In The Dark: Detroit Is Back
How welcome it is to encounter the generally uplifting In The Dark: Detroit Is Back (Still Music's sequel to In The Dark: The Soul Of Detroit, first released in 2005 and repressed in 2012) when so much of what's reported about Detroit is suffused with gloom and despair. Every news item about the city, it seems, is focused on the city's economic woes and its overall decay. Still Music's new collection, however, argues that at least on musical grounds the city is as vital and progressive a force as it's ever been. Drawing a connecting line from the inaugural chapter to the second, some contributors from the first reappear, among them Marcellus Pittman, Delano Smith, Rick Wilhite, Amp Fiddler, and Keith Worthy, while others are new to the series—Terrence Dixon, DJ 3000, Gerald Mitchell, Alex Israel, Patrice Scott, and others.
Certainly it's not easy to get a straightforward sense of the city's musical identity based on the release, but that's not necessarily a bad thing. The listener comes away from In The Dark: Detroit Is Back mindful of it as a glorious melting-pot of styles, a place where techno as well as house, r'n'b, soul, and funk are plentiful. As if to ensure the message gets through loud and clear, proceed directly to Delano Smith's “A Message For The DJ” with its repeated “I'm a house head forever / At least until I die” pronouncement.
Granted the desirable pole position, Mike Huckaby's brother Craig makes the most of it with “The Answer,” a bass-powered funk dynamo that gets a major boost from its marked live feel. Some tracks, such as Pittman's “Make It Work” and Israel's “Cash Neutral,” exude a luscious, synth-heavy exuberance characteristic of Carl Craig's output, while the grooving jazz feel so central to house music's swing emerges powerfully in cuts by Wilhite (“Magic Water”) and Mitchell (“Fly Like Eagles”). Dixon's two-part futurama “The Fall Guy” could have fit snugly onto his 2012 Tresor collection From The Far Future Pt. 2; mention must made, too, of D.L. Jones' “Lonely,” which at times plays like some bold, Dilla-fied take on vocal r'n'b. Crisp, electrified house jams (Israel's “Bubble Wrap 106,” Gabbamonkey's “Underlying Dreams”), joyous soul anthems (Patchworks' “Celebration”), squiggly acid-techno (Tony Ollivierra's “Hemoglobin”), and percussion-rich body-shakers that bump and groove (Scott's “Cosmic Rituals,” Worthy's “Cyclops”) also appear.
Predictably not every track knocks it out of the park, so to speak.
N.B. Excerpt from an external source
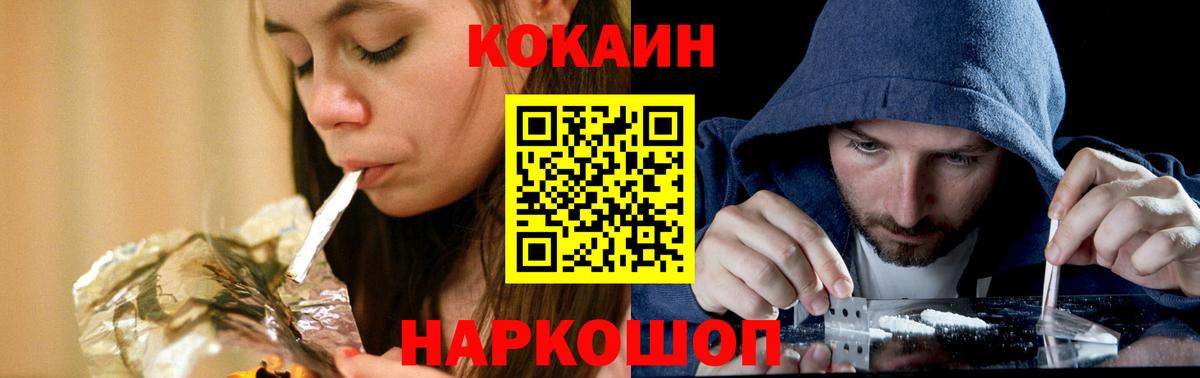 КОКАИН FishScale Нижнеудинск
Working Morpheus dialogue from The Matrix into Mike Clark's “Free Your Mind” would have been a fresher idea around the time of the film's 1999 release than in 2013, for instance, and some tracks, such as Raybone Jones & Jon Easley's nine-minute “As She Moves,” are overlong. Still, at twenty-four tracks and two-and-a-half hours, there's ample material to dig into, and most of it rewards one's time and attention. If it's not the definitive Detroit collection, In The Dark: Detroit Is Back certainly provides more than its share of pleasurable moments as well as confirms that Detroit's electronic music scene is still thriving.